AVAILABLE RECORDS Start Marker
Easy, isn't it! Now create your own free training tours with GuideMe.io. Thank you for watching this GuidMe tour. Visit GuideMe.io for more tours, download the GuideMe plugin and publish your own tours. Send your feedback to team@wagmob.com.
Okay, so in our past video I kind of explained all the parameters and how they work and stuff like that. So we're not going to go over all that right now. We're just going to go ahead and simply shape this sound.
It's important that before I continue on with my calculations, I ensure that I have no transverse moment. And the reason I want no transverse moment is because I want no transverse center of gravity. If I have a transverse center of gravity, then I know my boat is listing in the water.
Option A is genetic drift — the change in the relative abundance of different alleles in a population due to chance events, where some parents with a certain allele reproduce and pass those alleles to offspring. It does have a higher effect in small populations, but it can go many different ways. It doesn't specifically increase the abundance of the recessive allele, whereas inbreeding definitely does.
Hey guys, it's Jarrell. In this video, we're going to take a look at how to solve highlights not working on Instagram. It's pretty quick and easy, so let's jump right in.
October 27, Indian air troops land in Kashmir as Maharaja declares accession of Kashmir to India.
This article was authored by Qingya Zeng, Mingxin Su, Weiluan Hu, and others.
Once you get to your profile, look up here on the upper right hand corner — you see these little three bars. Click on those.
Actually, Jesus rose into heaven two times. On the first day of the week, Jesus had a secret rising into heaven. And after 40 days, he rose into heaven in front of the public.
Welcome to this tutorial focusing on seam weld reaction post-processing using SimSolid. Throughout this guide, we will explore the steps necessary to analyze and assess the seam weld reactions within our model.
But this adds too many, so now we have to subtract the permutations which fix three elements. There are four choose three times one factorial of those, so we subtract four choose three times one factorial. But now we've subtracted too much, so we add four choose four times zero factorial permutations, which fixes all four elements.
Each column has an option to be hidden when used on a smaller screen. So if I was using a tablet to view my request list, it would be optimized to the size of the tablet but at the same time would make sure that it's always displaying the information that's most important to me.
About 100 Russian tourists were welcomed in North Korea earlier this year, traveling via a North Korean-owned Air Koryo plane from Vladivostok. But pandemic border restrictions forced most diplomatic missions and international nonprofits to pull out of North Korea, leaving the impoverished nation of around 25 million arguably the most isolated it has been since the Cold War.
AVAILABLE RECORDS End Marker
AVAILABLE RECORDS Start Marker
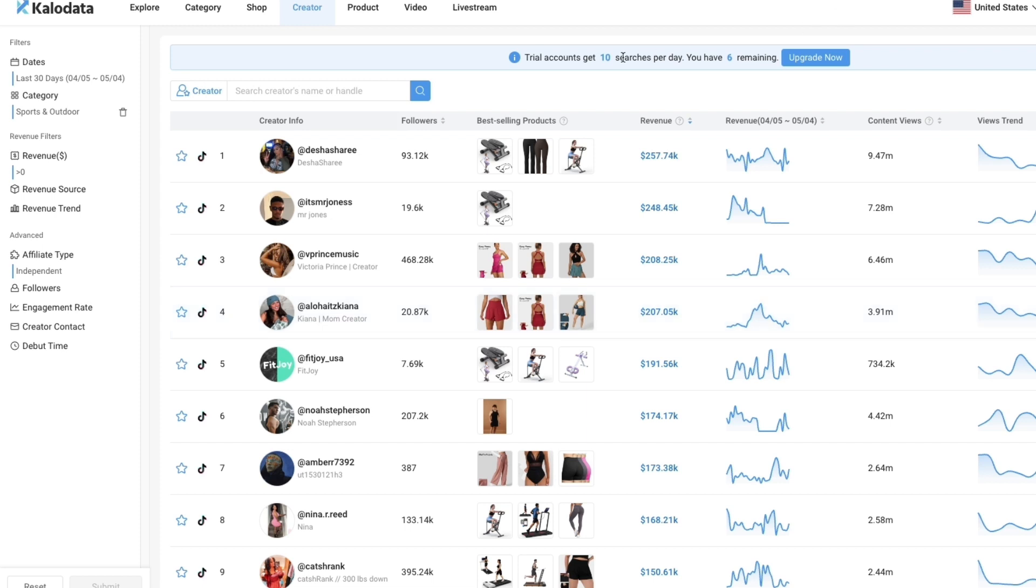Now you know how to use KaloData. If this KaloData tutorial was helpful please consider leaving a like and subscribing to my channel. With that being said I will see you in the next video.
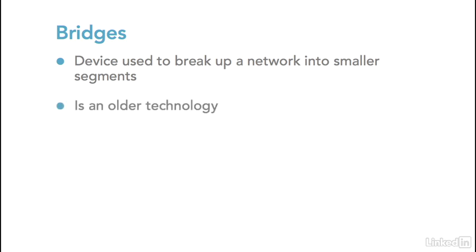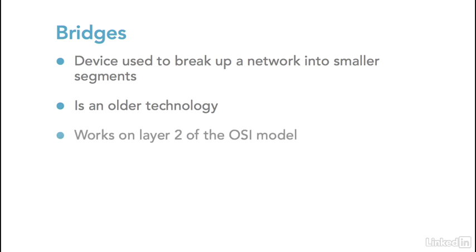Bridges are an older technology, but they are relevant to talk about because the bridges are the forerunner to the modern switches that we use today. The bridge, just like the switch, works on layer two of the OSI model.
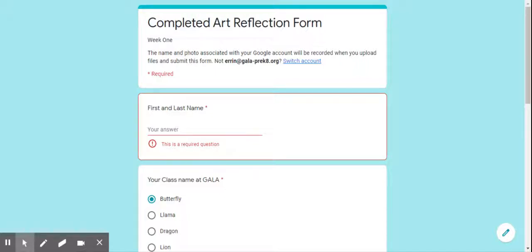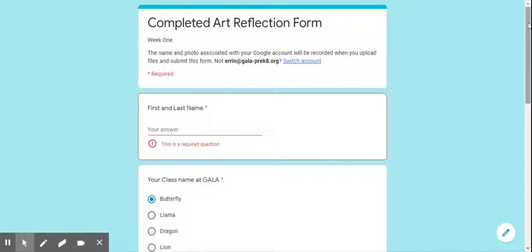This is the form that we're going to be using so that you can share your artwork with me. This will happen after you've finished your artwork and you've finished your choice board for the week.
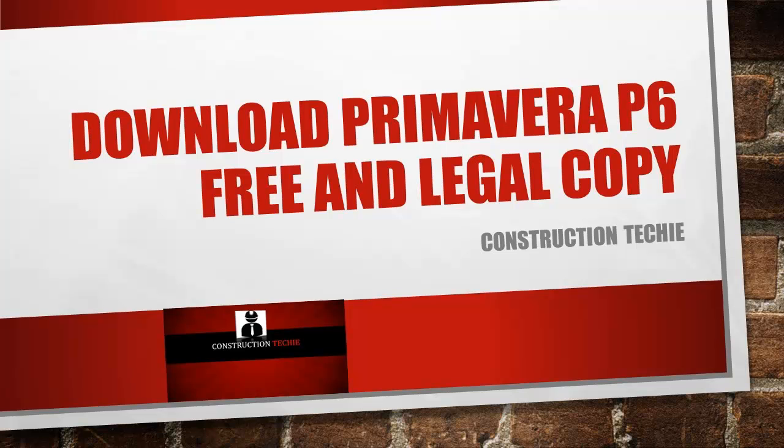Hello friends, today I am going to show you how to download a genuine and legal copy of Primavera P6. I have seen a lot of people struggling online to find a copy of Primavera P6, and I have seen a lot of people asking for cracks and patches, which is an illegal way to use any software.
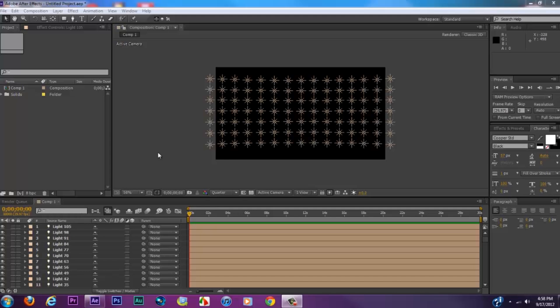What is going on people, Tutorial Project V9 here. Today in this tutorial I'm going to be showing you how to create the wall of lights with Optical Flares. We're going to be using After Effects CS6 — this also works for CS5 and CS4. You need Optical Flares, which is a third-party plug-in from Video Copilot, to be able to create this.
AVAILABLE RECORDS End Marker
AVAILABLE RECORDS Start Marker
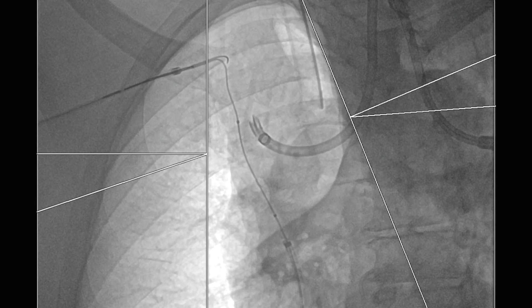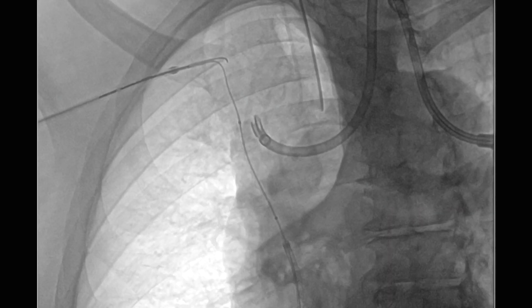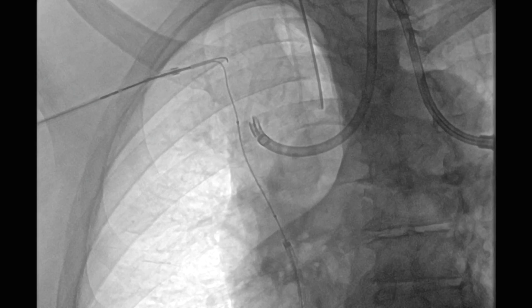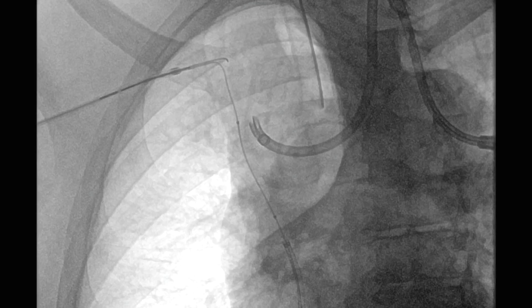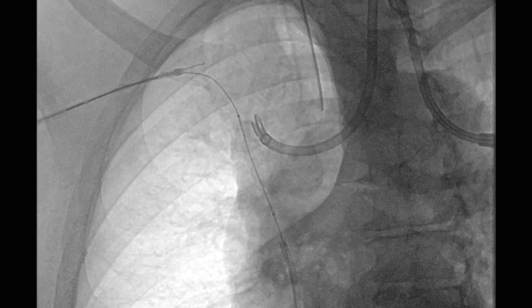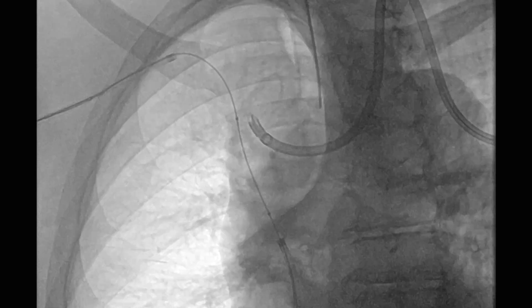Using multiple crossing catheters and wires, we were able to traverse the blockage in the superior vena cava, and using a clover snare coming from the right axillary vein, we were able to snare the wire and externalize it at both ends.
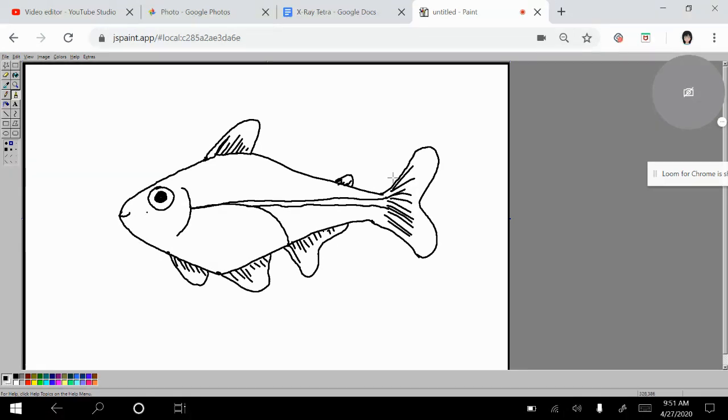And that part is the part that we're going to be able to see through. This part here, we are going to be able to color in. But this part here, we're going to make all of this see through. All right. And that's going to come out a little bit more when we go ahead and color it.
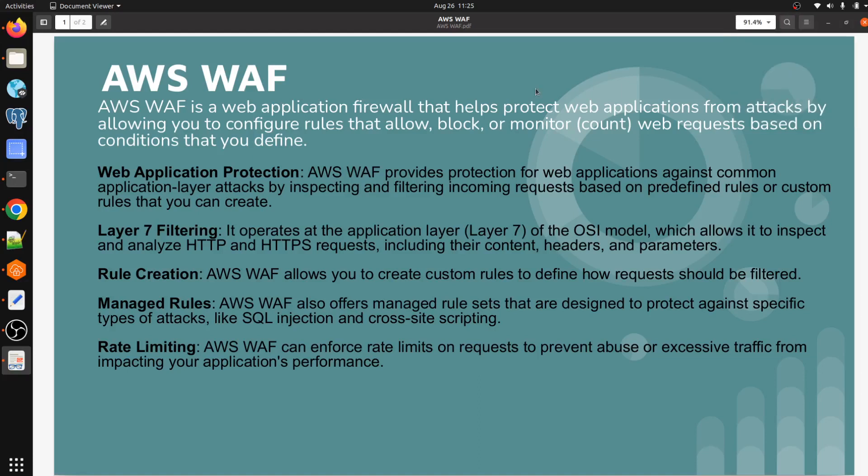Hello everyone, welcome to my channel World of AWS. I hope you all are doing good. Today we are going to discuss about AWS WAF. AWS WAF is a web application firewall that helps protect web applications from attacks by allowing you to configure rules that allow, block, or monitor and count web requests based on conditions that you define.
AVAILABLE RECORDS End Marker
#### INSTRUCTIONS FOR THE TASK:
Return only the stretch of the material above from the line holding "Easy, isn't it!" through the line holding "It's important that", copied exactly.

#### WORKED SOLUTION:
Easy, isn't it! Now create your own free training tours with GuideMe.io. Thank you for watching this GuidMe tour. Visit GuideMe.io for more tours, download the GuideMe plugin and publish your own tours. Send your feedback to team@wagmob.com.
Okay, so in our past video I kind of explained all the parameters and how they work and stuff like that. So we're not going to go over all that right now. We're just going to go ahead and simply shape this sound.
It's important that before I continue on with my calculations, I ensure that I have no transverse moment. And the reason I want no transverse moment is because I want no transverse center of gravity. If I have a transverse center of gravity, then I know my boat is listing in the water.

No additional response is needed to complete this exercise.